Blackjack is feeling lucky to you. Yes, it’s more of a risk, but it’s familiar and easy enough in theory. You feel you understand it best, and so it feels safe. You take your seat, settle yourself in for the ride. Each new hand holds the promise of a brand new day. You win some hands, lose some–more than you’re winning, actually, but hey–you’re still in the game, right?
Over at the craps tables it sounds like everyone’s having a grand time. The drinks are flowing, and the everyone at the table is cheering, even the dealer. The rules, as far as you can tell, are as up in the air as the dice, but it doesn’t seem to matter.
This is what the traditional publishing versus self-publishing landscape sounds like these days, where traditional publishing is the serious sleight-of-hand business of the blackjack table and self-publishing is the craps table where all the fun people are gathering. Neither is a non-viable option by any means–it just seems like the odds are better at the craps table, where the players can distribute their assets among a number of side bets, and only those apparently in the know have any idea what the rules are, and what’s going on at any given moment.
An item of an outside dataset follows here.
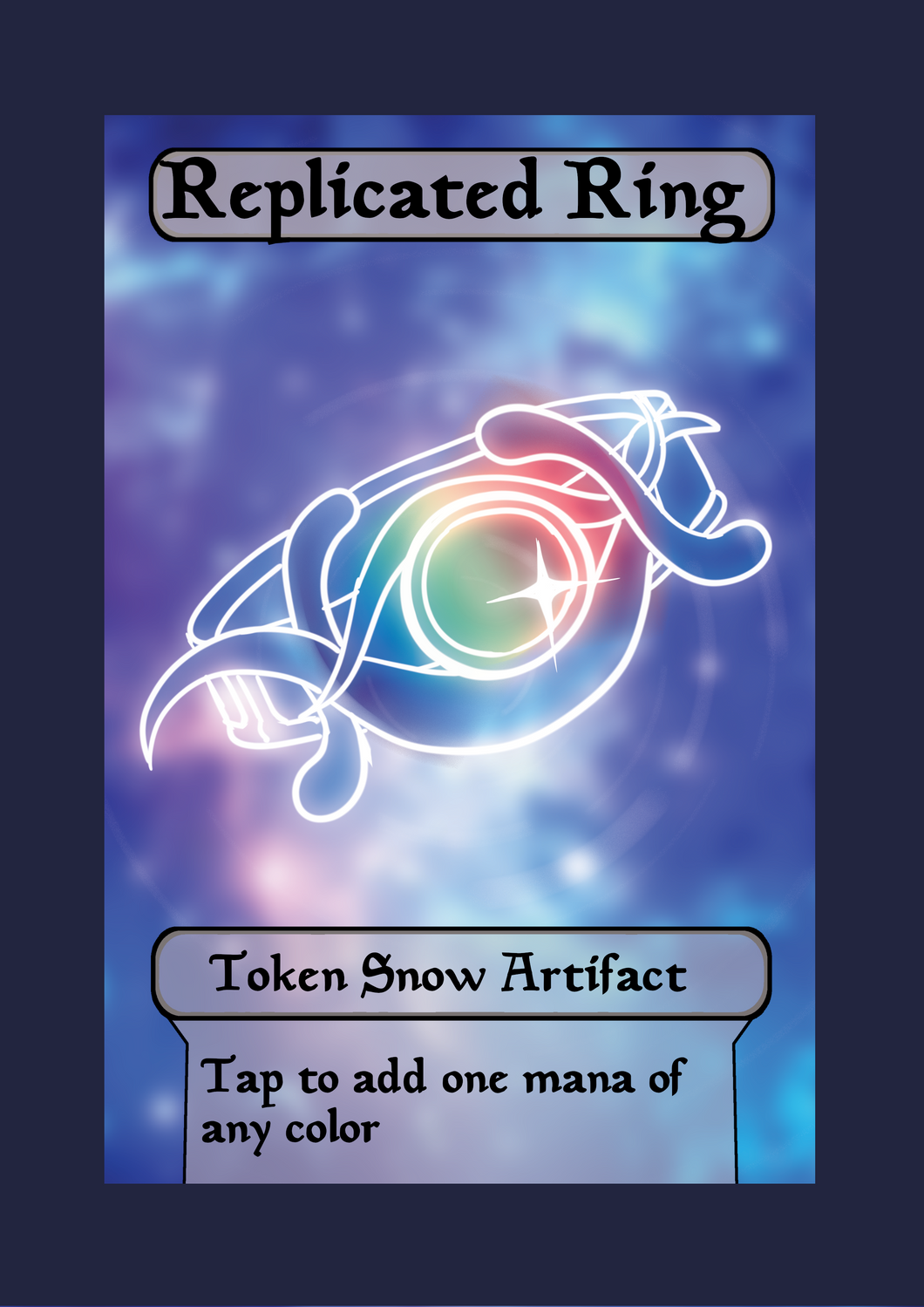 Replicated Ring Token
This book is Craps For Dummies. It entirely demystifies the ever-shifting self-publishing landscape. The platforms and distribution methods may change at any given moment–but the core tenets more or less remain the same.
And here’s the real interesting bit, though: these very same tenets apply to traditional publishing as well. The only real difference is the author is taking the entire process upon themselves, rather than going through traditional methods. Otherwise, the process is exactly the same. And this book takes you through that process.
This is my new bible–for self-publishing, and otherwise. Some of it, granted, I was already doing, either through my own process or instinctively as a fumbled about the marketing aspects of my business. But it was nice to have those things I felt I knew solidified for me in black in white. And the rest of it, well…pure gold.
It’s wonderful to know I don’t have to worry about genre-hopping anyomore. (Thank the gods–I need to get these warring voices OUT OF MY HEAD. And establishing a new author “brand” for a one-off historical? Oh, hell no.) Funnels? So logical and yet how many authors think of their work in those terms–even though publishers do? I LOVE the idea of funnels.
Interesting note, quality-wise (I have the paperback, so I can mark the ever-loving oblivion out of it): the book is, of course, self-published. (For it not to be would be as ironic and unfunny as the “Mind Of A Ninja, Body Of A Manatee” t-shirt Johnny B. occasionally wears on their weekly podcast. Really, Johnny B? Someone who weights sixty pounds sopping wet and talks about going to the gym makes one suspect you ganked such a shirt from Dave “I Stole Burt Reynolds’ Laugh Wright’s closet.)
Anyway, the book is of excellent quality and utterly indiscernible from any book you walk into a Barnes and Noble to purchase off the shelf. Matte cover, cream paper, professional typeset (some of the latter now as pink as the gun smoke in Unicorn Western. That’s right–the guys write and sell plenty of fiction, too, so they know what they’re talking about).
The fact of the matter is, an author’s portfolio of works is just that–a portfolio much like any other financial portfolio–but how many of us think of our works as assets to be leveraged and diversified? Aren’t they worth all the hard work and time we’ve invested in them?
Most of y’all are well aware I’m juggling a seriously extended queue and production schedule (DAMN YOU, VOICES–DAMN YOU TO HELL! *pant pant*), but now I have more than a production schedule–I have a business plan, and the process to see it through. At last count, I have 8-9 distinctive funnels planned, and not including what I’ve already published, something like (at last count) 40 books of various lengths planned–not including standalones–in my current queue. Write. Publish. Repeat. was exactly the book I needed to make this happen.
It’s a big book–in the neighborhood of 460 pages–but it reads fast. I bolted through it in a matter of days, when I should have been writing. Then I got sucked into the backlist of their weekly podcasts, also when I should have been writing. (Jerks.) But I’m so glad I did, and I can’t wait to implement all that I’ve learned. I think you will, too.